C'est parfois maladroit, quand le geste n'est pas bien assuré, quand Jackman part en sanglots difficilement crédibles, quand ça se noie dans des notes de piti piano qui pourtant se veulent mesurées... Et pourtant cette histoire d'amour simple et contrariée fonctionne quand même. Contrariée par une narration explosée en 3 temporalités qui sont en réalité 3 espace-temps qui rendent + complexes et prétentieux une histoire qui pourtant devrait être claire comme l'eau de roche... De La Fontaine, de jouvence, ou de la fable affable.

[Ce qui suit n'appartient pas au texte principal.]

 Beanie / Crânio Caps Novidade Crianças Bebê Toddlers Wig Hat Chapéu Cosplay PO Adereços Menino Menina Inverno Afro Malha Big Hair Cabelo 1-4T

Contrariée aussi parce que vouée à l'échec par la fatalité, la présence fantomatique d'une femme qui sert d'élément perturbateur dans la quête de transcendance blasphématoire du père Jackman, qui veut se faire Dieu-homme, calife à la place du calife, donneur de vie à la place du preneur de vie. Bref un film poétique qui se déploie sur 3 timelines en se contenant sur 1h30, ça donne une impression de variété mais ça permet pas vraiment de se sentir "plein", comblé, en plénitude, comme l'a ressenti Rachel Weisz à l'approche de sa mort et comme le répète son oraison funèbre.

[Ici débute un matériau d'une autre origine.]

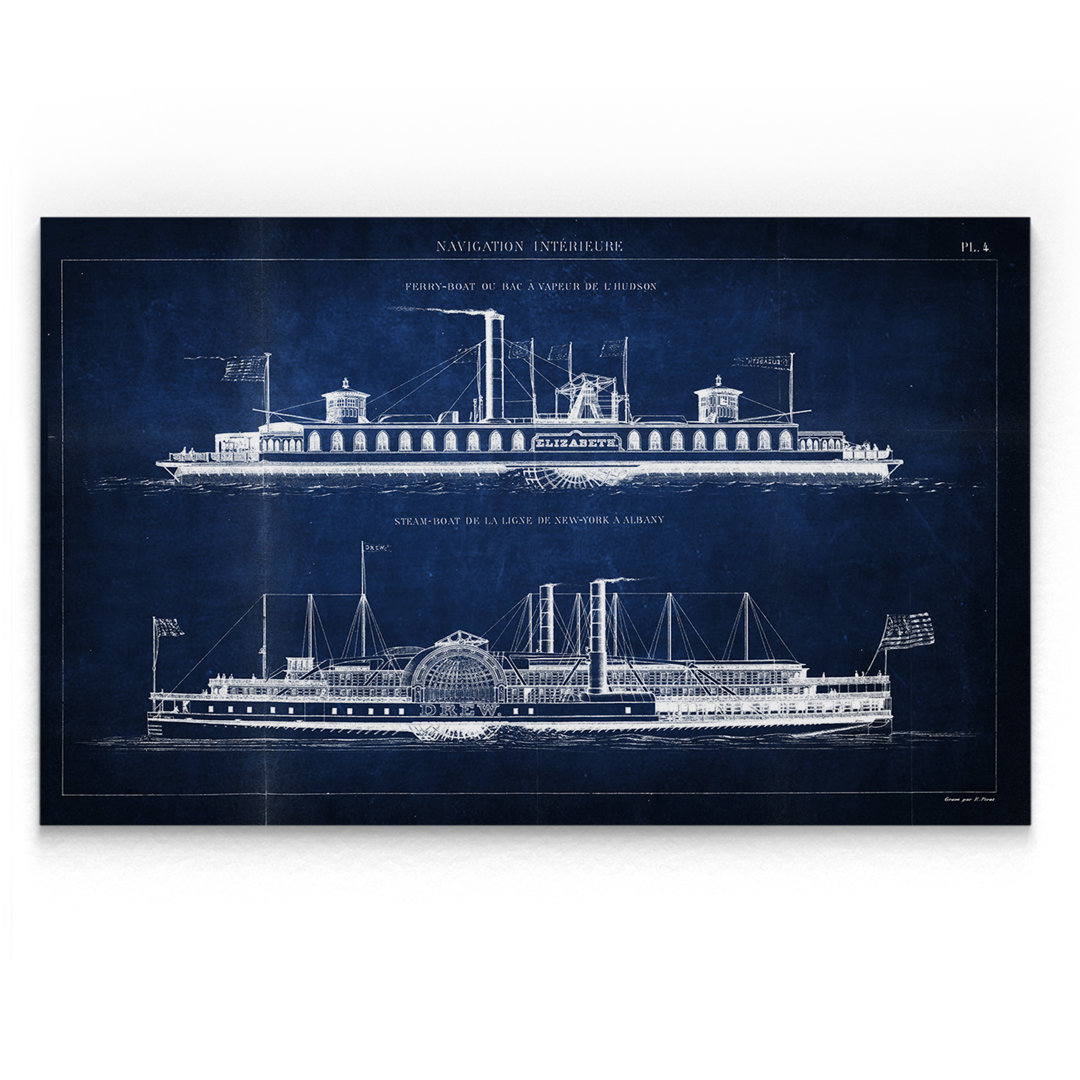 Vintage Italian Steamboat Stencil II - Graphic Art Print Wexford Home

Ça donne une exemplification du savoir-faire d'Aronofsky mais ça laisse sur sa faim, surtout quand ça touche à la représentation spatialo-mystique qui brille à la fois par son code couleur, mais aussi par un certain mauvais goût pas vraiment assumé en tant que tel, donc un futurisme spirituel premier degré mais pas de première qualité, qui brille en écho avec l'espace-temps du présent qui a une aura onirique figée, poussiéreuse mais volatile, comme si les particules ne retombaient jamais, comme si même à l'époque de sa sortie cet espace-temps était déjà flanqué d'une atmosphère douce-amère, rigoureusement terre-à-terre par la quête scientifique de santé et d'immortalité pas très très éthique, et cet espace de la chambre à coucher qui semble sorti d'un rêve. Soit un mélange qui se veut foncièrement uncanny et laisse donc matière à appréciations multiples sur la plausibilité de l'histoire, les motivations du héros et son état de santé mentale, à le voir se débattre comme une créature damnée apeurée et éplorée, rasé à blanc et habillé comme un aliéné dans sa représentation futuriste.

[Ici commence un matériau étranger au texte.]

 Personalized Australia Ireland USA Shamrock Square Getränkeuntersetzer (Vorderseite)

Et si après tout il ne s'agissait pas d'un rêve-cauchemar d'un grabataire comateux lui-même en fin de vie, qui expérimente une NDE, une Expérience de Mort Imminente, et la transpose, la projette, sur une épouse hypothétique, un potentiel amour perdu, qu'il n'a d'ailleurs peut-être jamais vécu. L'autre au féminin, c'est lui ? Celui qui ultimement retourne à la terre comme l'Inquisiteur s'autoflagellant parlait de retourner à la cendre aurait-il donc tout inventé pour s'exprimer en vase clos une dernière fois avant de rendre l'âme ? Un baroud d'honneur de la matière grise pour tenter de s'émanciper de cette prison de chair et de sang, représentée par cette bulle qui se déplace tel un vaisseau dans le grand vide spatial ?
Bref s'il ouvre + de portes qu'il n'en referme, il n'en demeure pas moins intéressant pour la fantasmagorie bienvenue qu'il propose, quitte à paraître sérieusement ringardos' à force de se saper comme jamais sous 3 parures dépareillées.